RCA Red Seal have reached into their back-catalogue
for Bridge and Delius works previously issued on Conifer Classics
to considerable critical acclaim. This double CD set is a French
release in the RCA Red Seal Artistes Répertoire Series
without English translations. With my schoolboy French I was still
able to spot several factual errors and spelling mistakes in the
annotation; which seems sloppy presentation. The gate-fold card
sleeve has a strange-looking cover design which looks like it
could be a page from an embroidery magazine merged curiously together
with a head and shoulders photograph of an unknown woman. It certainly
isn’t Tasmin Little! In spite of a cobbled-together impression
the release contains wonderful music excellently performed and
recorded.
The first disc contains the four Delius sonatas
for violin and piano. The chamber works of Delius are often ignored
in favour of his larger-scale orchestral tone-poems. However these
four sonatas are wonderful examples of Delius’s art. They
are moody, rhapsodic, containing rich tapestries of sensual and
subtle textures with touches of impressionism. Sometimes wistful
and sometimes ecstatic, I have heard these sonatas described as
being, “Delius at his most meltingly lyrical”, a mood
that Tasmin Little and Piers Lane so expertly convey to the listener.

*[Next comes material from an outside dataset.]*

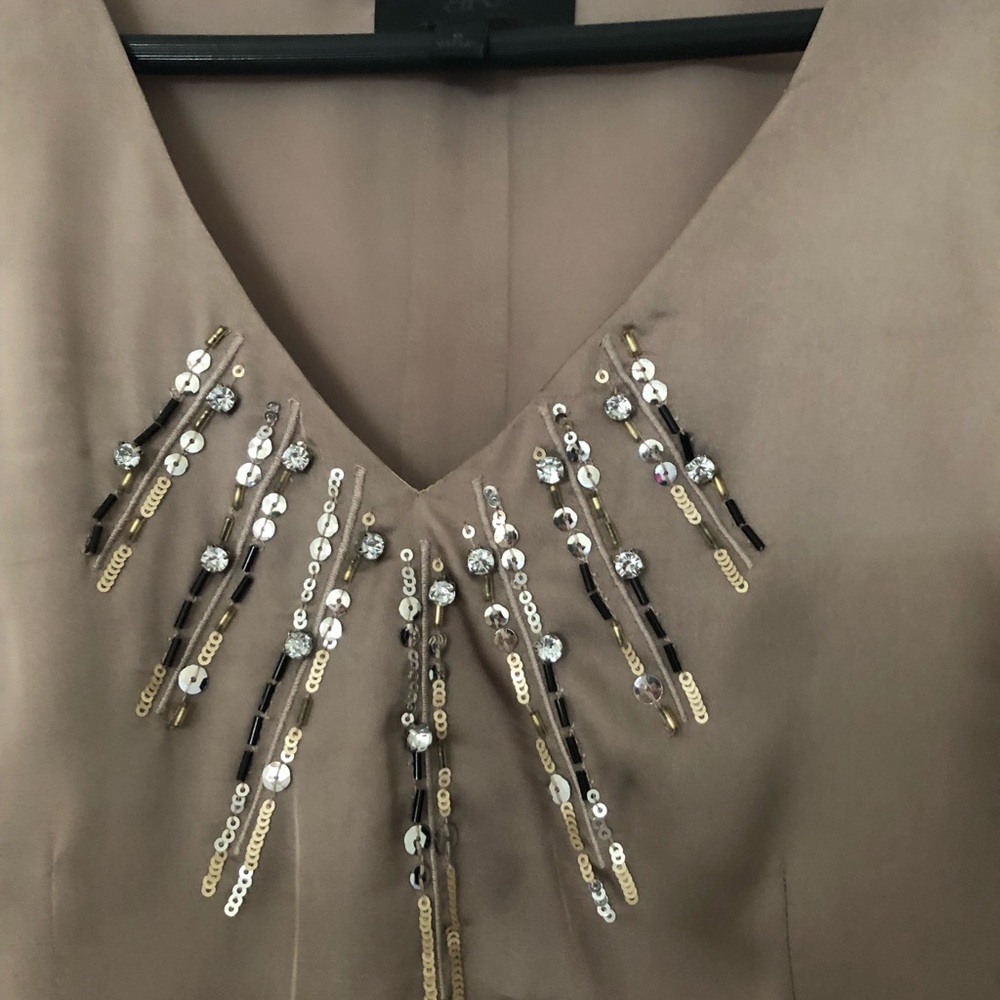 Banana Republic beige sheer top with Sequin Embellishments Fits Size 4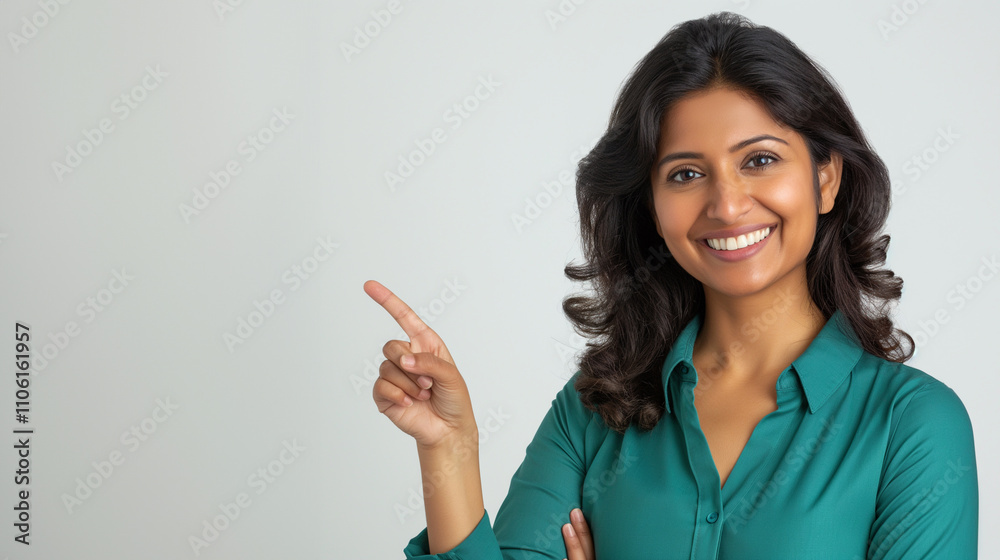 Image of a beautiful, smiling Indian woman posing and pointing her finger to the side. The image is blank, advertising, communication. Image of a beautiful, smiling Indian woman posing and pointing her finger to the side. The image is blank, advertising, communication.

Their expressive playing is of the highest quality giving a sense
of ‘time suspended‘. Little’s violin has a really
beautiful tone and Lane plays most sympathetically. It is hard
to imagine these works played better.
Described by eminent music writer Mark Morris
as, “…an innovative and introverted composer…”
the orchestral works of Frank Bridge are becoming increasingly
better known both in the concert hall and the recording studio.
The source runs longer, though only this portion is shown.